O Lula do 3º mandato é mais direto, mais pragmático, mais silencioso e mais ansioso por resultados do que ele mesmo no período 2003-2010, quando exerceu a Presidência da República pela primeira vez. Um extrato do que há de melhor nessa versão 3.0 do presidente brasileiro foi visto em atividade por quem teve o privilégio de estar com ele nesse período de recuperação da cirurgia de quadril à qual foi submetido. O chanceler Mauro Vieira e o assessor especial e ex-ministro das Relações Exteriores, Celso Amorim, podem dar o testemunho do azougue que é o chefe e amigo de ambos. O presidente acompanhou de dentro todas as reuniões decisivas da diplomacia brasileira – inclusive aquelas de nossa representação na Organização das Nações Unidas, cujo Conselho de Segurança tem sido transitoriamente presidido pelo Brasil durante a escalada crescente do conflito israelo-palestino (ou israelo-árabe depois do ataque ao Hospital Batista em Gaza) no Oriente Médio. Todas as bem pensadas e sopesadas palavras dos comunicados oficiais do Itamaraty, do gabinete presidencial e dele mesmo foram lidas e relidas com lupa por um Lula cioso da impossibilidade de errar por exageros retóricos ou mesmo por omissões decorrentes de alianças e simpatias pretéritas. Foi por isso que o Governo não embarcou na tentação de fechar com a politização grotesca do início do conflito, o que apequenava e regionalizava no prisma tosco local a dimensão da tragédia humana ora em curso no território hoje ocupado por Israel. A maturidade da postura adotada por Lula ditou a mudança de rumo da prosa infernalmente pueril da esquerda nacional e fez o mundo perceber de vez que o Brasil está sob outro comando – qualitativo, construtivo – em todos os macrotemas da cena política internacional.
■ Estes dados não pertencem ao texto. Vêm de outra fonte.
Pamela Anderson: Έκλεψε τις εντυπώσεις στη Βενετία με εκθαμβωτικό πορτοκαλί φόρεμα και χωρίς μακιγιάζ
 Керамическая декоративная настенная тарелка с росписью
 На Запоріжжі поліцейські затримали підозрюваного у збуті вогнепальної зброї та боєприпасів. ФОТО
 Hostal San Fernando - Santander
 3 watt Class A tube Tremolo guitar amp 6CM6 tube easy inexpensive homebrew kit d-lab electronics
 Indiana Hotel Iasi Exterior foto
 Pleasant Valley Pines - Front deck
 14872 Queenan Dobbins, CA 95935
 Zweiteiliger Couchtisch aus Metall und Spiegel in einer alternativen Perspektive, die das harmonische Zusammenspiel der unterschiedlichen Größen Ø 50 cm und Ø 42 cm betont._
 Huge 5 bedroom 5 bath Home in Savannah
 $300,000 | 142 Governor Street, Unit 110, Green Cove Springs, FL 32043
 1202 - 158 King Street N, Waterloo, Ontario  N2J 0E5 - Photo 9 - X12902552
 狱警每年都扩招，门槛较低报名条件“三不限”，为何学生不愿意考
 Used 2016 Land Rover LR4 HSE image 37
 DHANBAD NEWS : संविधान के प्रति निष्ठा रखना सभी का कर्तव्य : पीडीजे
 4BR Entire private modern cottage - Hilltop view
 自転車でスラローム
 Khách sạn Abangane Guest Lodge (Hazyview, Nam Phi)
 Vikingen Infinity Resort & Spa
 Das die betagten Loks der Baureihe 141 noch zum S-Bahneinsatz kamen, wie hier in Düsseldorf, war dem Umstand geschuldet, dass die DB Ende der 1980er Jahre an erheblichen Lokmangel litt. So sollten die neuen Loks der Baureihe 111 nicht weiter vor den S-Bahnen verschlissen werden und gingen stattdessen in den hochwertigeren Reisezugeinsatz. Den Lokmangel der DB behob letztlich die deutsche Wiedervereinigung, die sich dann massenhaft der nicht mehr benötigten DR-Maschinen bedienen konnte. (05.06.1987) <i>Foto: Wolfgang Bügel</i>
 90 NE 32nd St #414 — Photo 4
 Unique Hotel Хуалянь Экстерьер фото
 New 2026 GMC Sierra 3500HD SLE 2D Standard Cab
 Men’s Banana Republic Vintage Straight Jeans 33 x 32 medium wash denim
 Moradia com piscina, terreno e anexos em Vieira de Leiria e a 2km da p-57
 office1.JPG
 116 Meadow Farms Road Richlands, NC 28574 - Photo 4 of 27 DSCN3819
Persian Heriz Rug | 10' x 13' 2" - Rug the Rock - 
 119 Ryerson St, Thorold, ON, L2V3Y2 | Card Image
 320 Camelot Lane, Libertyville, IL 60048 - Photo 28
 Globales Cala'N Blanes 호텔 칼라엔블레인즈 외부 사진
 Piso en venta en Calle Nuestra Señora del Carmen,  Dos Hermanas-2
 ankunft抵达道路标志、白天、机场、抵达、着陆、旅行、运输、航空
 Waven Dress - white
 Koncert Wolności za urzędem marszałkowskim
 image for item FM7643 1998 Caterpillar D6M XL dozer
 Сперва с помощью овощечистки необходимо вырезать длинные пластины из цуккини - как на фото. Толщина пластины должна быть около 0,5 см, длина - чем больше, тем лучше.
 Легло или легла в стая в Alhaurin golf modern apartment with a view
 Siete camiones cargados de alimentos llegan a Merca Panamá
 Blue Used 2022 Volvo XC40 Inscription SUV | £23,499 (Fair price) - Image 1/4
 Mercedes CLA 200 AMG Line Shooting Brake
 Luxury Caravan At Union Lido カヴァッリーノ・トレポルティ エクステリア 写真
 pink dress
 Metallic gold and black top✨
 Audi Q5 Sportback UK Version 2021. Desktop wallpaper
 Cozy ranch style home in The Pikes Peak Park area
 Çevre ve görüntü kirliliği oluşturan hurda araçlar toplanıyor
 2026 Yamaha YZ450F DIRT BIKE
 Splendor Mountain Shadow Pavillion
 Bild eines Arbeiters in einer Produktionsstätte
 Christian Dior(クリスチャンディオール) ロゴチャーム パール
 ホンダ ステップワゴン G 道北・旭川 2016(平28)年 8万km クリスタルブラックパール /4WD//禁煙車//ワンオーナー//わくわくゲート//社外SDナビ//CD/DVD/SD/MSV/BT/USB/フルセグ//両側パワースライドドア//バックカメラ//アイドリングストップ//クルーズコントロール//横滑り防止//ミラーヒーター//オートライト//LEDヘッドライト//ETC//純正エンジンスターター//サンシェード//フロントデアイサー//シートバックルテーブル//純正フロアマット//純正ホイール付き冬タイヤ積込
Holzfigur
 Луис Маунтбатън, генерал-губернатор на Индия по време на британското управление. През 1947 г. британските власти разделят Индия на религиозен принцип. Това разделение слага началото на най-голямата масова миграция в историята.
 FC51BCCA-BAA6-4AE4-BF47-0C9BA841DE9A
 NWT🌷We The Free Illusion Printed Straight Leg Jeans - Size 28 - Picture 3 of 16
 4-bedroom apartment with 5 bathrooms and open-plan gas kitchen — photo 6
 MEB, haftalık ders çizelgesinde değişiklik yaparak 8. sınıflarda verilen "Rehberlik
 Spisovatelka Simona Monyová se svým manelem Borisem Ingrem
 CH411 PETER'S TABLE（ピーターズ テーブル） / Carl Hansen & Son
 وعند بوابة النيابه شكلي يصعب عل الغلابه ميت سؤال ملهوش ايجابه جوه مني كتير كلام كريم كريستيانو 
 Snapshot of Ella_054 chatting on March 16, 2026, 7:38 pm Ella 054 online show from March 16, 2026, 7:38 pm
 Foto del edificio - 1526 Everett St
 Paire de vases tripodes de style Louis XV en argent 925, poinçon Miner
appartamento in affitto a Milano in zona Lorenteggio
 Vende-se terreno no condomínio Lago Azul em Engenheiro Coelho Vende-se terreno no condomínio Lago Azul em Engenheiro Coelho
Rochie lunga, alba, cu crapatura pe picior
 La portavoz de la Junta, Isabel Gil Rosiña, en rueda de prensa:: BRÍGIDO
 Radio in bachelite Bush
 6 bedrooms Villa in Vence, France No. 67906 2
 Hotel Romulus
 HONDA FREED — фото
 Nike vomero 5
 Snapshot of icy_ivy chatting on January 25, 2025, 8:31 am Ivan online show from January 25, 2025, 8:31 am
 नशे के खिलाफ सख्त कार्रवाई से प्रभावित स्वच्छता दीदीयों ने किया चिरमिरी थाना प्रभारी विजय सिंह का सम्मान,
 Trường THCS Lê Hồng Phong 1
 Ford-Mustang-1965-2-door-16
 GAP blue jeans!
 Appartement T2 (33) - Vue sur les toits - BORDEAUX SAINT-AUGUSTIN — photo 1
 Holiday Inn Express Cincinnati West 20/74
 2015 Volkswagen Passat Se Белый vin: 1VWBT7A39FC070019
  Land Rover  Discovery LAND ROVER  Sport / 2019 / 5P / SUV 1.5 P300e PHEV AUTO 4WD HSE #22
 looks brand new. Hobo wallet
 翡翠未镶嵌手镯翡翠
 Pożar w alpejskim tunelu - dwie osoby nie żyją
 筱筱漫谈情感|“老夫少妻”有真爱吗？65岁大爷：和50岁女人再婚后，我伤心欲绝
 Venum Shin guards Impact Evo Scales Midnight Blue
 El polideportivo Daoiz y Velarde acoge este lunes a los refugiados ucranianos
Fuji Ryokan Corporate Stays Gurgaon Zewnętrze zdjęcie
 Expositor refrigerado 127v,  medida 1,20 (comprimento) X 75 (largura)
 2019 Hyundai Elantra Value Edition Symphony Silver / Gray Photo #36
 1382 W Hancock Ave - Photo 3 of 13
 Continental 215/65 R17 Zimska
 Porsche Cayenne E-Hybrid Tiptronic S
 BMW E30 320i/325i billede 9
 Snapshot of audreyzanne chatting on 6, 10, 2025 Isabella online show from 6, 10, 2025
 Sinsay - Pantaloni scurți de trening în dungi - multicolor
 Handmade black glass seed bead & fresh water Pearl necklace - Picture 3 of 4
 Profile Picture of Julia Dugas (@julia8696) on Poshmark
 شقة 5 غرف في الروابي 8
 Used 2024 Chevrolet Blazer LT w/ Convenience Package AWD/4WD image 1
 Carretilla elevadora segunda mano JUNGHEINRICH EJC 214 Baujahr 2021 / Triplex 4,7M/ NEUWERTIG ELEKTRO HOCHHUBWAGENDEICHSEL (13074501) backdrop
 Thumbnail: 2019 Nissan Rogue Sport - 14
É ao mesmo tempo satisfatório e angustiante assistir à espreita, pelas frestas dos relatos de quem despachou no Palácio da Alvorada nos últimos dias e é frequentador bissexto do Palácio do Planalto nos últimos meses, a forma consistente como o Luiz Inácio Lula da Silva de 2023 exerce o poder num País cujas ruínas recebeu de um antecessor desqualificado que aviltou a Presidência e a República. A satisfação advém de perceber quão melhor é a atual versão do presidente e ex-sindicalista. A angústia é sabê-lo tão solitário nos desvãos do Palácios, nos porões e becos da Praça dos Três Poderes e no território aridamente conflagrado em que se converteram o PT e as demais siglas de esquerda que até hoje não conseguiram forjar uma alternativa consensual que não destrua seu legado e o suceda nos próximos anos.